Venezia e Istanbul in epoca ottomana

Mostra a cura di Giampiero Berlingeri, Nazan Ölçer, Giandomenico Romanelli, con il coordinamento di Proje Koordinasyonu, Camillo Tonini e Gabriella Fortunato

La mostra presenta centoventisei opere delle collezioni dei Musei Civici Veneziani (Museo Correr, Biblioteca e Gabinetto Stampe e Disegni, Museo di Palazzo Mocenigo-Centro Studi di Storia del Tessuto e del Costume, Ca’ Pesaro-Galleria Internazionale d’Arte Moderna, Museo Fortuny e Palazzo Ducale) e quarantacinque opere dei musei di Istanbul (Topkapi, Pera, Yapi Kredi “Vedat Nedim Tör” e Opere Turche e Islamiche).

La mostra, che in qualche modo avvia le celebrazioni “Istanbul 2010, Capitale della Cultura”, è stata ideata dalla Fondazione Musei Civici di Venezia su sollecitazione del Ministero degli Esteri Italiano, per rimarcare i legami di amicizia e di collaborazione tra i due Paesi in occasione della visita di Stato in Turchia del Presidente Giorgio Napolitano.

I preziosi pezzi delle vaste collezioni veneziane vengono accolti dal Sakip Sabaci Museum di Istanbul alla cui collaborazione si deve anche un allestimento di grande atmosfera, arricchito da gigantografie. Pezzi emblematici di cui, scrive Giampiero Berlingeri in catalogo, «si sottolinea l’influenza degli stilemi turchi sul decorativismo occidentale e del continuo passaggio tra le due civiltà di uso di materiali e tecniche di lavorazione. Una selezione per lo più inedita, di oggetti in vetro, cuoio, tessuti, maioliche, nonché di tappeti provenienti dalle raccolte civiche veneziane e dai musei turchi.»

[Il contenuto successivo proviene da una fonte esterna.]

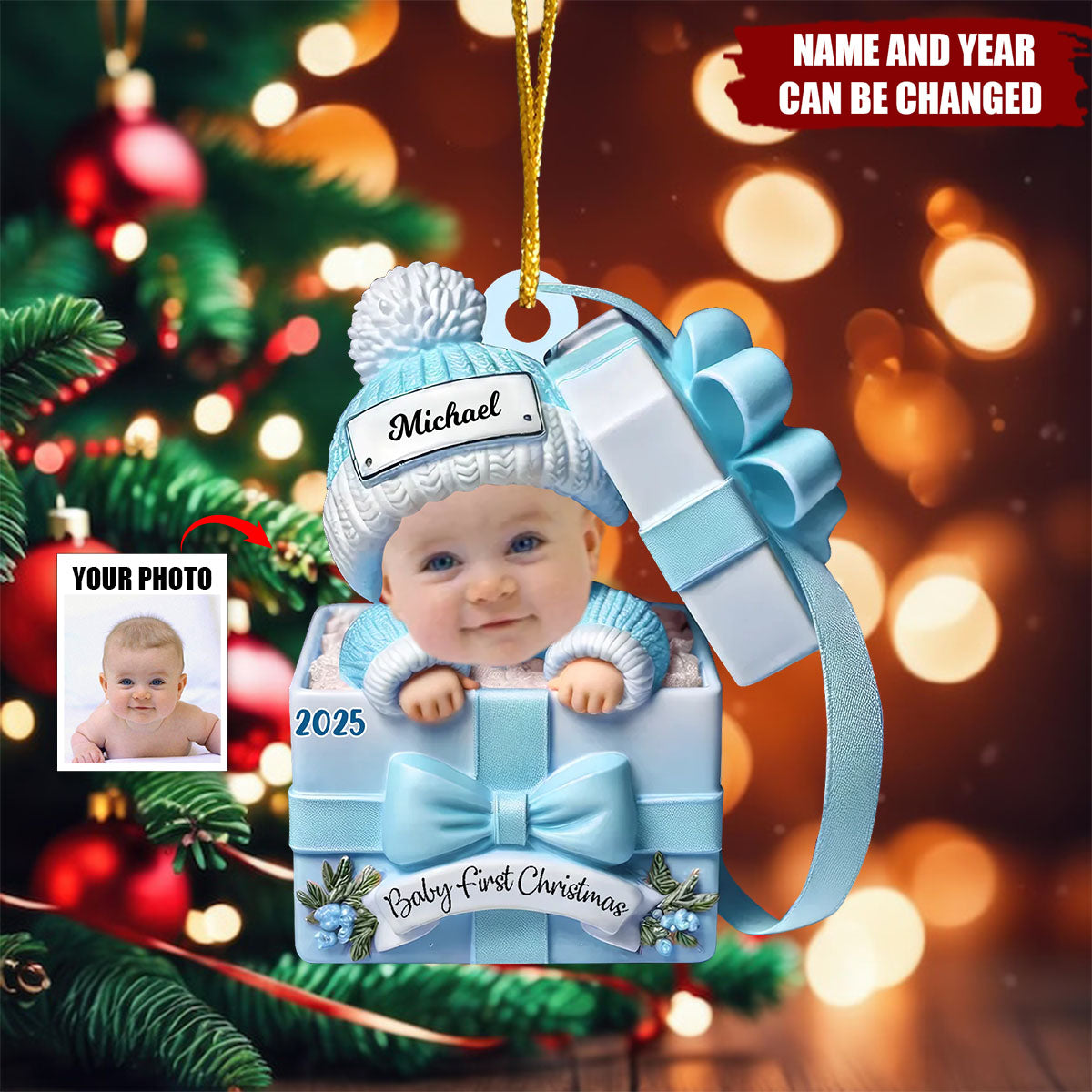 Baby First Christmas - Personalized Acrylic Ornament, Baby Christmas Gift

Tappeti mai prodotti a Venezia, tanto ambiti da essere rappresentati in pittura con una così precisa attenzione ai loro motivi da suggerirne e permetterne la ripresa in nuove manifatture che portavano il nome dei pittori: tappeti Lotto, tappeti Bellini, e così via. Tappeti orientali considerati veri e propri status symbol come quello shiraz, assai prezioso che, in “Ritratto di Famiglia” (1550ca) di Cesare Vecellio, costituisce il punto focale attorno al quale posano ben tre generazioni.

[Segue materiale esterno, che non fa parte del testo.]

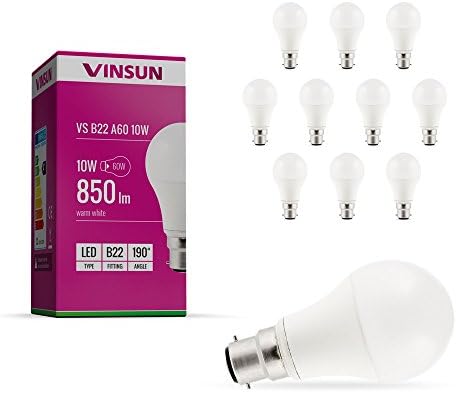 VINSUN® B22 LED bulb 10W - 60W light bulb - warm white - 850lm, B22 bayonet bulb - Pack of 10 [Energy Class A+]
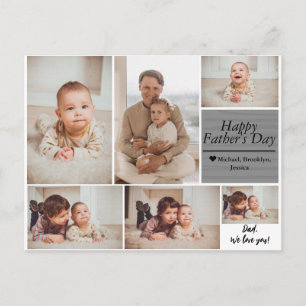 Simple Modern Fathers Day photo family collage Car Holiday Postcard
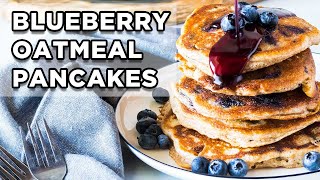 Fluffy Blueberry Oatmeal Pancakes  Healthy Pancake Recipes by MOMables [upl. by Ahon60]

E ancora, il percorso espositivo si muove tra i bellissimi “cuoridoro” in cuoio, eseguiti a Venezia tra il XII e il XVI secolo e di ispirazione assolutamente orientale. Rari per qualità pittorica dei decori e per il numero limitato scampato alle ingiurie del tempo, avevano goduto di un largo commercio tra i due Paesi e venivano usati nell’arredamento o, nelle chiese, come paliotti. Gli strumenti musicali collezionati da Francesco Morosini durante le sue imprese nei territori ottomani, allora usuali, oggi assai rari anche in Turchia. E naturalmente vetri. In particolare lampade prodotte a Venezia per illuminare le moschee, la cui lavorazione veniva terminata in Turchia; o a olio, di forma cilindrica, chiamate cesendelli e destinate alle abitazioni. Senza dimenticare, tra i libri “con le coperte prodotte a Venezia con decorazione d’arte orientale”, manoscritti, disegni, le vedute topografiche, in parte inedite, eseguite dall’ingegnere Gianfrancesco Rossini che, attorno al 1724, fu a Istanbul presso il bailo Gritti e -scrive Camillo Tonini- “fece dei precisi rilievi dell’Elesponto, dei Dardanelli e delle opere difensive costruite dai turchi a loro sbarramento e difesa. Sostanzialmente un’operazione di intelligence.”

Testimonianze forti di continui approfondimenti e di reciproca conoscenza intercorsi tra le due potenze che dopo la caduta della Repubblica (1797) continuano per più di un secolo. Il pittore veneziano Ippolito Caffi, (1809-1866) sentirà l’esigenza di recarsi in Turchia nel 1842-‘43 e di narrare in olii di alta qualità le luminose visioni di Costantinopoli che saranno accolte nei più esclusivi salotti europei. E, più in là nel tempo, di nuovo Oriente, Occidente e innovazione si fondono nelle creazioni dello spagnolo Mariano Fortuny (1871-1949), che aveva scelto Venezia come sede per realizzare drappi e vesti di particolare pregio dove è chiara la trasmigrazione di motivi iconografici ispirati ai tessuti turchi ereditati dalla madre e ai dipinti del Rinascimento veneziano.